**WHAT THE TASK REQUIRES**. When you reach the line containing "Disney 100 Mickey" in the records below, start copying exactly, and stop once you have copied the line containing "Show Cigarillos Black".

**THE RECORDS**.
———

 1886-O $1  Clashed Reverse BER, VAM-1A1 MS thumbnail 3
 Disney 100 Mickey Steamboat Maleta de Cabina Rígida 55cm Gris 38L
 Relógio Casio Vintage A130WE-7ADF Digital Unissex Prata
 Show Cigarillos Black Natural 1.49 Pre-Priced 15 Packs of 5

———

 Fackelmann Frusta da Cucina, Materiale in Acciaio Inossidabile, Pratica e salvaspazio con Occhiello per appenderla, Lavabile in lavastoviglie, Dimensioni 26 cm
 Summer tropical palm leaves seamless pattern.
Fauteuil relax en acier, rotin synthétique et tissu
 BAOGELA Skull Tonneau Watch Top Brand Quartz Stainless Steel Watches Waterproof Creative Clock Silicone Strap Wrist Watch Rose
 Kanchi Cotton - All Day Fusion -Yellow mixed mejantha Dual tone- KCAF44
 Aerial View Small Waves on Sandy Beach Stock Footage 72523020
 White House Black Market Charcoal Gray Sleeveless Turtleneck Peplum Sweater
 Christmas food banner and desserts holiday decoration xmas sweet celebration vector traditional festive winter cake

———

**TASK SOLUTION**.
 Disney 100 Mickey Steamboat Maleta de Cabina Rígida 55cm Gris 38L
 Relógio Casio Vintage A130WE-7ADF Digital Unissex Prata
 Show Cigarillos Black Natural 1.49 Pre-Priced 15 Packs of 5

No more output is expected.